Generally speaking, corporate lawyers have focused their attention on legal issues involving such areas as human resources, financial reporting, contracts, tax and regulatory compliance. However, in a rapidly evolving digital age, the corporate attorney has been forced to expand their role. Technological innovation has stretched corporate counsel’s sphere of responsibility to include creation and implementation of corporate litigation preparation strategies and policies. Those strategies and policies are imperative in order to quickly and efficiently respond to requests for electronically stored information (ESI), whether made in the context of a civil suit or regulatory investigation. Until recently, corporate attorneys have routinely—almost reflexively—deferred to Information Technology (IT) professionals on issues involving electronic data. In fact up until a few years ago, legal’s interaction with IT was mostly limited to requests for help-desk assistance. This is no longer the case.

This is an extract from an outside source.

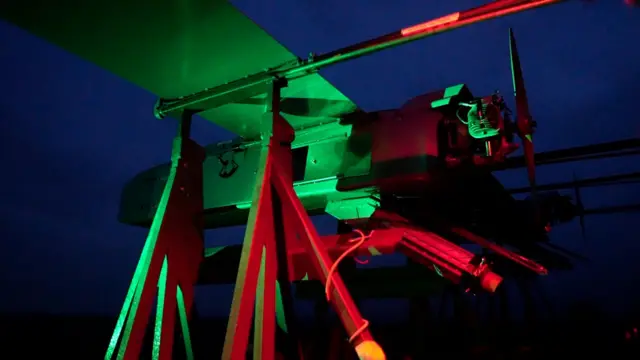 Украинский дальнобойный беспилотник готовят к взлету.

Corporate attorneys are now teaming with IT to tackle such topics as data archiving, accessibility and collection. The disastrous economic conditions of the past two years have forced corporations to slash discretionary spending including expenses relative to information management and responding to litigation. In this new environment, corporations are creating and implementing policies to routinely purge needless data and safeguard information that is necessary for business continuity and legal purposes. They are also investing in infrastructure and new technology to optimize management of ESI, including that which is potentially responsive to litigation. Such actions are a necessary response to forces beyond the boardroom, where, for example, judges are becoming decreasingly tolerant of corporations that fail to preserve electronic evidence when a claim should have been anticipated or even after receiving a notice of preservation.
With heightening economic pressures and judicial expectations as a backdrop, corporate attorneys and IT professionals have risen to meet the challenge, locked arms and forged ahead in an effort to reduce expenses while still effectively minimizing risk. Working together, legal and IT have created internal policies to reduce and organize volumes of stored corporate data as well as prepare for and respond to litigation and investigatory inquires. There is no question that the partnership between IT and legal is yielding beneficial results. However, there continues to be numerous instances where the courts have concluded that corporate planning and response efforts have fallen short.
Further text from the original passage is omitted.